Top of WORKING DATA
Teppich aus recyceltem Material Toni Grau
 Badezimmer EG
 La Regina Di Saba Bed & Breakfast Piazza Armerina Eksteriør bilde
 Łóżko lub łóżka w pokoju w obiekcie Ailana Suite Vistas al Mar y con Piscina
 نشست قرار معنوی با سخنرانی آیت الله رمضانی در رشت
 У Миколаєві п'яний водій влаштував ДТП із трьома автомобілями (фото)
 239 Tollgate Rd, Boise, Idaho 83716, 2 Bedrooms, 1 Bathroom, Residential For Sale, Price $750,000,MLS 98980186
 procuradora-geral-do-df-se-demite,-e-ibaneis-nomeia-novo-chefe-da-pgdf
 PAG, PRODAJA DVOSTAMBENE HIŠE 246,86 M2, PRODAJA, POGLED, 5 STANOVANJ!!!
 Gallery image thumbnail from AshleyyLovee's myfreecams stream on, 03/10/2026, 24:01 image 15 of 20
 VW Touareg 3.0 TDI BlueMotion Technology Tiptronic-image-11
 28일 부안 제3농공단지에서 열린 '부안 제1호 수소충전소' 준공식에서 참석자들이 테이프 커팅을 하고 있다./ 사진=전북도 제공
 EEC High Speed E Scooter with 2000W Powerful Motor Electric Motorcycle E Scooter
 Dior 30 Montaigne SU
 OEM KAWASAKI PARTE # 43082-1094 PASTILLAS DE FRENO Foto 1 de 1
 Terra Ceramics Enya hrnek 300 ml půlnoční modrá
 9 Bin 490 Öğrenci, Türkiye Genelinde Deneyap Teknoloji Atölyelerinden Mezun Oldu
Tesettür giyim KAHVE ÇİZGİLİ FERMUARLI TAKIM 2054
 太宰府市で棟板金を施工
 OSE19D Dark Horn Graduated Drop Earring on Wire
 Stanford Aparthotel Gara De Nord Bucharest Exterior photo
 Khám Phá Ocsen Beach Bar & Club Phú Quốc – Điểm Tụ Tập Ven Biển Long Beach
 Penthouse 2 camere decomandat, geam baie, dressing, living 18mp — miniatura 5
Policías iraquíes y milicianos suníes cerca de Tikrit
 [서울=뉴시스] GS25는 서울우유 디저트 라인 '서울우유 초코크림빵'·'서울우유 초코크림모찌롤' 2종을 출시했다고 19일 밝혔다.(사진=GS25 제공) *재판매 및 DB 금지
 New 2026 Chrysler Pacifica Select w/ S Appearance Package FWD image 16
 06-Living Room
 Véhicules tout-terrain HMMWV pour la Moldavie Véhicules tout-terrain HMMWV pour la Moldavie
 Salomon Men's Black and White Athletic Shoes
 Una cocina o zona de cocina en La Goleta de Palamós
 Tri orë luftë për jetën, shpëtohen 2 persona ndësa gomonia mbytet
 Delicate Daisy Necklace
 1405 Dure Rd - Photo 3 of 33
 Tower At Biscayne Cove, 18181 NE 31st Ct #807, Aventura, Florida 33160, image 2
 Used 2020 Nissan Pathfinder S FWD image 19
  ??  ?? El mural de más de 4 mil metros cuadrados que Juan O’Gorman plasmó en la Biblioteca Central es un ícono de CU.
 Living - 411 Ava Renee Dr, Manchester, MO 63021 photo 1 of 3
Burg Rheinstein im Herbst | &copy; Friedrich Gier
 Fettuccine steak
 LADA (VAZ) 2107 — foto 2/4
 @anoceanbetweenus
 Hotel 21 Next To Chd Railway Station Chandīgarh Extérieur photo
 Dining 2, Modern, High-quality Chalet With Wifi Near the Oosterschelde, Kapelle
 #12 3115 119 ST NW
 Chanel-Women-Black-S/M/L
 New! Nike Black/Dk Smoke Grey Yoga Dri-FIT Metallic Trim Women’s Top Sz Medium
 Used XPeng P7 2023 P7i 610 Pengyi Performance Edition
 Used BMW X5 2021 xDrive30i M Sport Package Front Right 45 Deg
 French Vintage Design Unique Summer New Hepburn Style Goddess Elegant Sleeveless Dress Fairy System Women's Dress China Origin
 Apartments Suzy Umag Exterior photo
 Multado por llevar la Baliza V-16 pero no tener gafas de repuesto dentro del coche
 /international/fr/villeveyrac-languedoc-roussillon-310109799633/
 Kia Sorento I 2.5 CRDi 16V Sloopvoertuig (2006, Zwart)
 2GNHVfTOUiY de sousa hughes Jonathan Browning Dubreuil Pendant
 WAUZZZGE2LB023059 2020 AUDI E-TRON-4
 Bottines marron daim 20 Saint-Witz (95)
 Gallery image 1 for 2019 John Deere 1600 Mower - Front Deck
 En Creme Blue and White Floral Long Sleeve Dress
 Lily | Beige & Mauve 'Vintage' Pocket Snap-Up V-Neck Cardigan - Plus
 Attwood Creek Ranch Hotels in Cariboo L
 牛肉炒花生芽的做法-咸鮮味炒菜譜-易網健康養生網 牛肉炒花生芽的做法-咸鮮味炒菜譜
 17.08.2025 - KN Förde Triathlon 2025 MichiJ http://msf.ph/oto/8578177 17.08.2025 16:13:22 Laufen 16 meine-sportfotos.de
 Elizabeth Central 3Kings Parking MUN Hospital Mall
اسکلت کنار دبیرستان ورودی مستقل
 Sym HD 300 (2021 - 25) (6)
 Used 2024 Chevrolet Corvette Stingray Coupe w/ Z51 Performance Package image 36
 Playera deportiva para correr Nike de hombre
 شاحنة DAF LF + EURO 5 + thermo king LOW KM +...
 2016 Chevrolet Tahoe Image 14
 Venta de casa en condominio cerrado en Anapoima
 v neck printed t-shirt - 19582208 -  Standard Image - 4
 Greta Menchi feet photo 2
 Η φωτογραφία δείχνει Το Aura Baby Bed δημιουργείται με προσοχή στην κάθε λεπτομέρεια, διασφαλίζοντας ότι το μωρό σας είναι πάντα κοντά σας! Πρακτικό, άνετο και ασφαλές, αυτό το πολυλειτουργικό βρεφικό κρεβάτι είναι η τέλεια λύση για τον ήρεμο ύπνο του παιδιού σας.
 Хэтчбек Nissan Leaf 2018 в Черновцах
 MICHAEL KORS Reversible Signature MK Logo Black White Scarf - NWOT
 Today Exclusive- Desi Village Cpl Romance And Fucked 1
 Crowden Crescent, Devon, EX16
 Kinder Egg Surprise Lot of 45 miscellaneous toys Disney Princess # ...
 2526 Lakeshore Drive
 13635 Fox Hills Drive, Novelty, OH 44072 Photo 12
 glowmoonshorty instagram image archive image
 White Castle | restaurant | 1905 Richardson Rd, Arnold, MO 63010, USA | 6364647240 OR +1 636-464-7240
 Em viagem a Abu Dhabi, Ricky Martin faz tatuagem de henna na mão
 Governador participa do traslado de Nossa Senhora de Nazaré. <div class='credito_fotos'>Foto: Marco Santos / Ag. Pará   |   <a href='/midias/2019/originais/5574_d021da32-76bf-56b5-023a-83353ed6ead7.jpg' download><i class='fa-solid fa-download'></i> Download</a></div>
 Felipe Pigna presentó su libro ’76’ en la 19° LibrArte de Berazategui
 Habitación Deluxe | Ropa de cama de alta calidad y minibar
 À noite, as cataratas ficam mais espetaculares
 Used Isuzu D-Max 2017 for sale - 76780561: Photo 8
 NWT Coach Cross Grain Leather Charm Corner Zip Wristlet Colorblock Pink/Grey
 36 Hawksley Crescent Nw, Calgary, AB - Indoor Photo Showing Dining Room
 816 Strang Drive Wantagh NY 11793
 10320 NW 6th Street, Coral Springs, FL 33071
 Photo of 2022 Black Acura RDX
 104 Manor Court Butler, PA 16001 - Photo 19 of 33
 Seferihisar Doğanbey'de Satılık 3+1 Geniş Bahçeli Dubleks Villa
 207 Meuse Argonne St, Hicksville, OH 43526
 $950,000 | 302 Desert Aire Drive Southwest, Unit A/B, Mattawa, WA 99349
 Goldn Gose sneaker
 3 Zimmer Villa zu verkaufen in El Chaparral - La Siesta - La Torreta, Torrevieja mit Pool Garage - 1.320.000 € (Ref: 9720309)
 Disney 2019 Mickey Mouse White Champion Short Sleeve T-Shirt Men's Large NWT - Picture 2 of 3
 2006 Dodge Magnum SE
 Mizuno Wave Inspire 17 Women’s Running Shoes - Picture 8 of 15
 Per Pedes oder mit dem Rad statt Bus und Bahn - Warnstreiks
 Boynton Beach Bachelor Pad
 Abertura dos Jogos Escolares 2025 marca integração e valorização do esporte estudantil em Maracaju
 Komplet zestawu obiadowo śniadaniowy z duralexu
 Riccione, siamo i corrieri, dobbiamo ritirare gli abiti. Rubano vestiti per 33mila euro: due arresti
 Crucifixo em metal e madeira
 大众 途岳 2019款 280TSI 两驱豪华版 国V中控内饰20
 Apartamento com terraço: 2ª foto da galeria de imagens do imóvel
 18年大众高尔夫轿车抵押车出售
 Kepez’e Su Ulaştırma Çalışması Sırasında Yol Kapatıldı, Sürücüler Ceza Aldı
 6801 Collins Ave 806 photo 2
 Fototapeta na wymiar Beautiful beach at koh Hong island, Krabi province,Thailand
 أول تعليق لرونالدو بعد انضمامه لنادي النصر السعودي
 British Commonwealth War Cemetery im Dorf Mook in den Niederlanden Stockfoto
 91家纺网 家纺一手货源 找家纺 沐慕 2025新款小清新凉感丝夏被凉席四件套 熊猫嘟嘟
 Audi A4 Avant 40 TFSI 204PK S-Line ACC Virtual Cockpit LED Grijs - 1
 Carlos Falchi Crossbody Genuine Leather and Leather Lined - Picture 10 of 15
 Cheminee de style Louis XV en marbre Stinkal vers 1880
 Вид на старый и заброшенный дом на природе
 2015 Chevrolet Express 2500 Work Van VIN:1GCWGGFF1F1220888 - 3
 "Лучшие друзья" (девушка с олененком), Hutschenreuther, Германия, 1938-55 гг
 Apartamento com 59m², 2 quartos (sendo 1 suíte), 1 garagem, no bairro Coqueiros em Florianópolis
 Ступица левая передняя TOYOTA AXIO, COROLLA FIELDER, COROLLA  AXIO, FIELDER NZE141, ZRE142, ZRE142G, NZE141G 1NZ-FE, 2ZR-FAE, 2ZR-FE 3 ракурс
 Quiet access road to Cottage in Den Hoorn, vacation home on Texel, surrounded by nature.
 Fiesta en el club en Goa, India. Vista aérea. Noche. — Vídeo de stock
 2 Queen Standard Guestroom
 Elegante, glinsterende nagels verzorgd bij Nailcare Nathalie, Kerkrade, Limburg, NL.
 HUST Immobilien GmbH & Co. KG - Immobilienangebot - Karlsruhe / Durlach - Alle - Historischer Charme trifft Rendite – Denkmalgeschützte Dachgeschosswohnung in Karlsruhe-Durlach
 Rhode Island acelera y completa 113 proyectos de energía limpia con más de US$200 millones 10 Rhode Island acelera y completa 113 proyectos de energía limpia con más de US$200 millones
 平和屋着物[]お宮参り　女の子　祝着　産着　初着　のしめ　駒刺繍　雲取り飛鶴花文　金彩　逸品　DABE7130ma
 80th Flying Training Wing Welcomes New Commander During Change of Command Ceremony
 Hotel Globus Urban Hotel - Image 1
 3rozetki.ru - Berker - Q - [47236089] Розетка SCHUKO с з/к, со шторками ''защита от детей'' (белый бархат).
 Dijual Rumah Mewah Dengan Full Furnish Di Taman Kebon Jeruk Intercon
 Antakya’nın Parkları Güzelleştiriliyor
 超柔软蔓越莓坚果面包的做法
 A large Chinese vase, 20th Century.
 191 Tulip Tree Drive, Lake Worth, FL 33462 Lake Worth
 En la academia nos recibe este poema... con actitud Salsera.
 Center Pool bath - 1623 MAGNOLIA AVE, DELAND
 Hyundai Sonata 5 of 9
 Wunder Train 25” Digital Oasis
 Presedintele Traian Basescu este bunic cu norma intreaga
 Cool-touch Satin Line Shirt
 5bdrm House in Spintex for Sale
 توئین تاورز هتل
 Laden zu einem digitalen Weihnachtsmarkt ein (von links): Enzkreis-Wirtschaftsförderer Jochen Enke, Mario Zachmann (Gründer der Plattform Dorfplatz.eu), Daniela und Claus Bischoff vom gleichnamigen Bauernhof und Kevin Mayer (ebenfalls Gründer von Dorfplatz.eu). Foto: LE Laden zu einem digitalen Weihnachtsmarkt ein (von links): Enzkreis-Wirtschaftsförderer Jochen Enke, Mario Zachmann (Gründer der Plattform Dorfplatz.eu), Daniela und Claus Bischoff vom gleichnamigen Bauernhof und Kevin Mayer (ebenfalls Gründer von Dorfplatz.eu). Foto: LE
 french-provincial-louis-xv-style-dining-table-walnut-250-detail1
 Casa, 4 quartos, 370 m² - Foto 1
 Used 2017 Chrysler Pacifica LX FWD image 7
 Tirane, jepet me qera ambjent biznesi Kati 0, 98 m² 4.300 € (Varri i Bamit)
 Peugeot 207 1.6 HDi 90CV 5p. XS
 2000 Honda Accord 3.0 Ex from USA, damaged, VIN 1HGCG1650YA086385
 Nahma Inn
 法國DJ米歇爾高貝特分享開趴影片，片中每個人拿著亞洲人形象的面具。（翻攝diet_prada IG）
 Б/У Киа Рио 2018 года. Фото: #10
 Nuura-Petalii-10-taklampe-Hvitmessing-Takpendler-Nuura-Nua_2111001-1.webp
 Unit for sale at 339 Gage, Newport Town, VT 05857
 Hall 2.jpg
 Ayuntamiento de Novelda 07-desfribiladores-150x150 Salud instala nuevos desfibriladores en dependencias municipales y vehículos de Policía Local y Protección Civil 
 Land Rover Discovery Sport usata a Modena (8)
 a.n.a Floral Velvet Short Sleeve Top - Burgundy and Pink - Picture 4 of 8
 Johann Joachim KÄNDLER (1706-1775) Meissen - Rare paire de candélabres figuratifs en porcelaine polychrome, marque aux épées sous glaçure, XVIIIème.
Bottom of WORKING DATA
→ REQUIRED WORK
Look above for the line containing "2016 Chevrolet Tahoe Image 14". Output from there through the line containing "Greta Menchi feet photo 2", exactly and inclusively.

→ OUTPUT FOR THIS TASK
 2016 Chevrolet Tahoe Image 14
 Venta de casa en condominio cerrado en Anapoima
 v neck printed t-shirt - 19582208 -  Standard Image - 4
 Greta Menchi feet photo 2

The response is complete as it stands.